Started in 1982, Kathe Burkhart’s ongoing “Liz Taylor Series” (consisting of about three hundred paintings, drawings and prints) has opened unprecedented perspectives in painting, appropriation and feminism. Still underestimated in terms of the strength of its working process and the issues it raises, this work — among few others in the same period — announced a new era in which painting could be used for conceptual purposes. In his essay “Last Exit Painting,” Thomas Lawson described the use of painting as the triumph of the concept. In the post-medium condition there is no longer a need to banish painting, as the primacy of concept over medium has become a widely shared value.
Burkhart chose painting for this series in order to reclaim an outmoded form, a bombastic space that was claimed at the time by male expressionist painters of the late 1970s and the ’80s. Most other women artists dealing with photo-based imagery, feminist content and language abjured painting as a medium, favoring non-traditional media instead. In Burkhart’s work, language as well as form is retooled.
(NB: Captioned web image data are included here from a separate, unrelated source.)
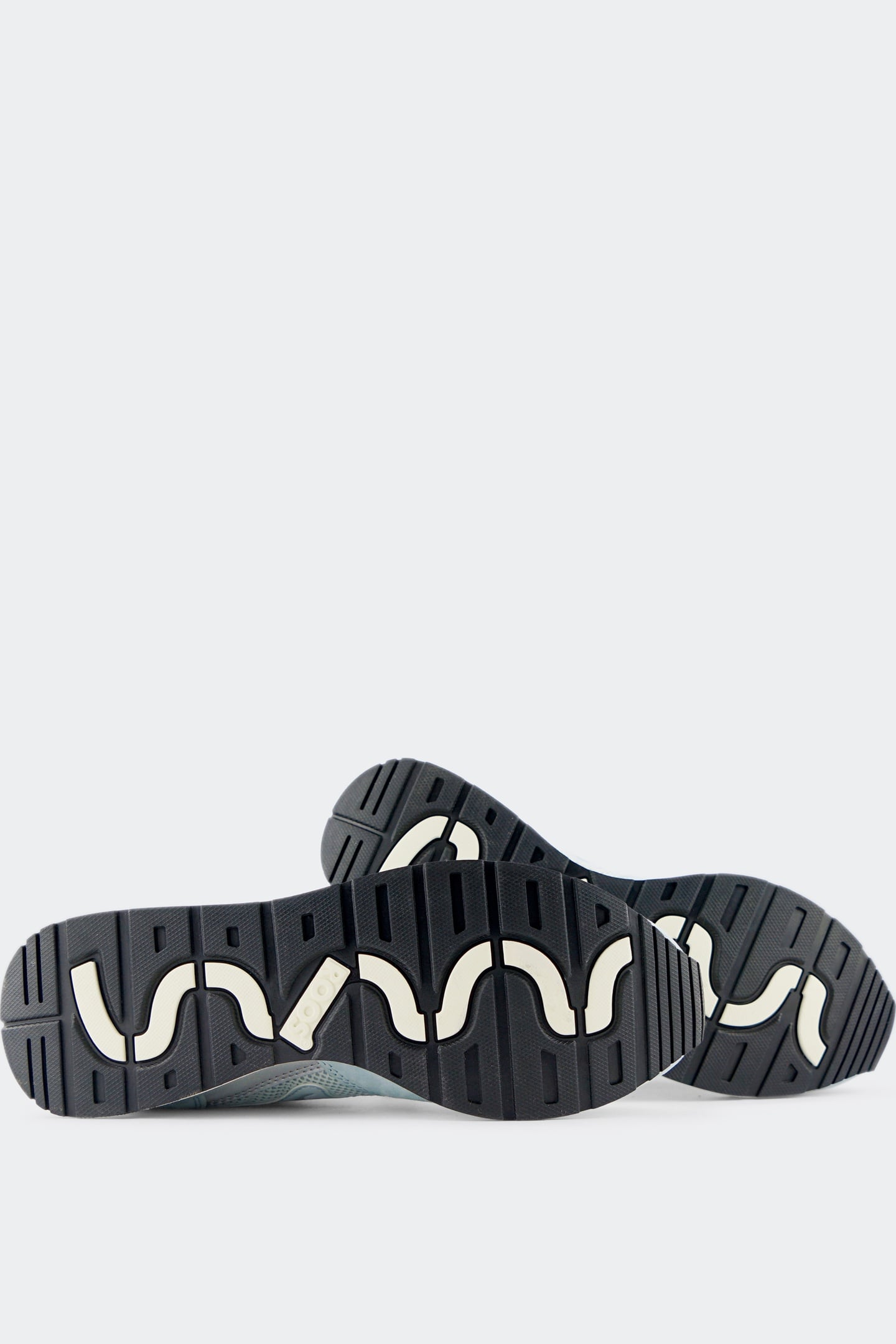 UNISEX COIL R1 TECH ICE BLUE/FRENCH BLUE 4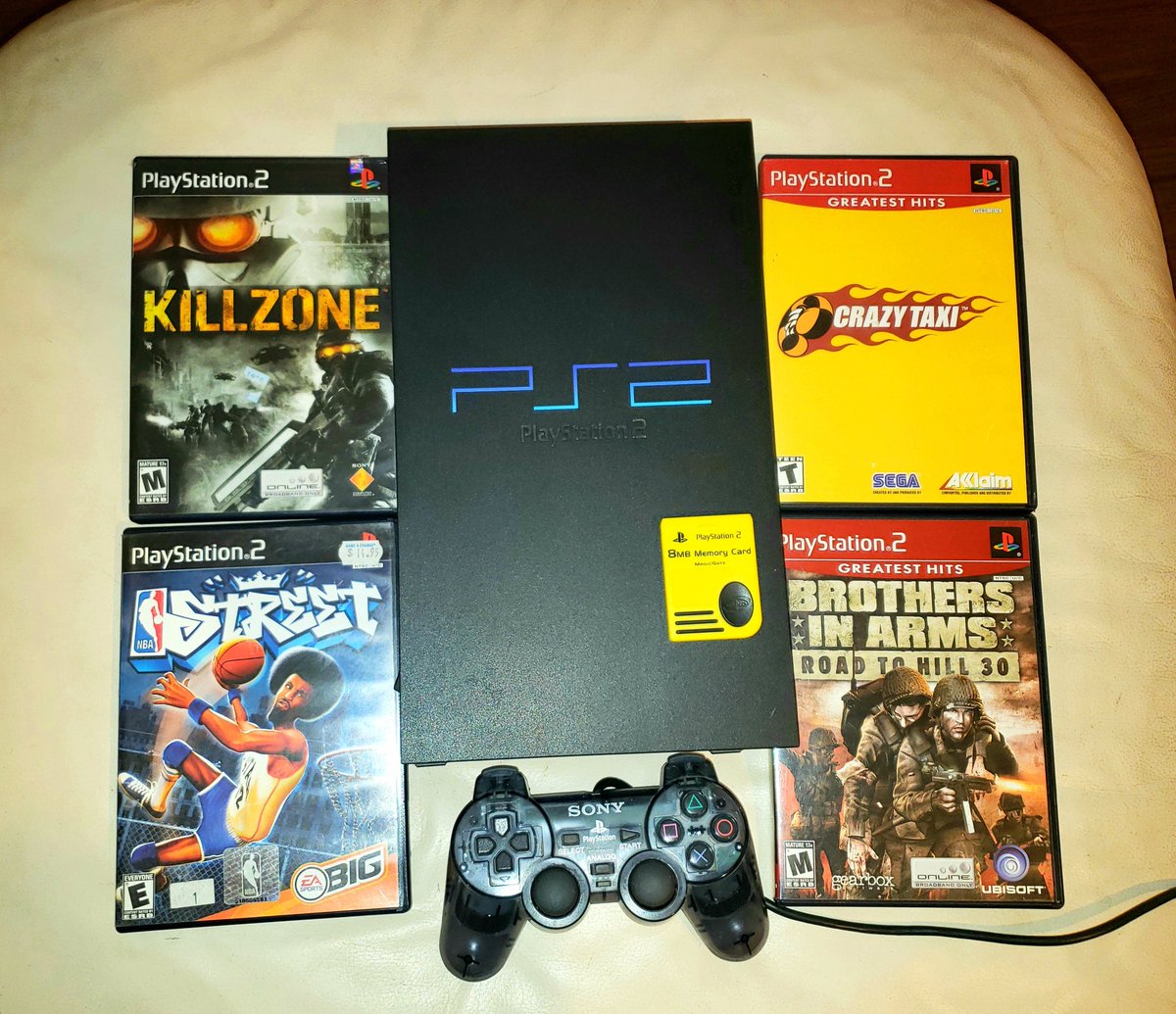 TheRetroRoomRoo's tweet photo. 📣GIVEAWAY TIME!📣

As a way of saying thank you to my amazing followers I want to giveaway this rad stuff! 😁🤙

A COMPLETE PLAYSTATION 2 WITH 4 COMPLETE IN BOX GAMES, A MEMORY CARD, &amp; CONTROLLER! 😱🎮🔥

🔹️To enter: RT this post and FOLLOW ME
🔹️Ends 1/12/23

Good luck! 🔥 https://t.co/gKy0iw39Zg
But what makes Burkhart’s work so unique within in the last thirty years of art history is that she complicates this post-conceptual frame by inserting autobiographical elements. She merges political and personal obsessions. The artist blends a critique of the media with self-portraiture; the actress she persistently depicts is an avatar of herself. She intertwines public and private, individual and collective concerns. But above all, the work is addressed to the viewers, who must locate themselves within the situation depicted — a position that may trigger either attraction or repulsion. Standing before a work by Burkhart, one’s sense of power, gender and politics is always challenged.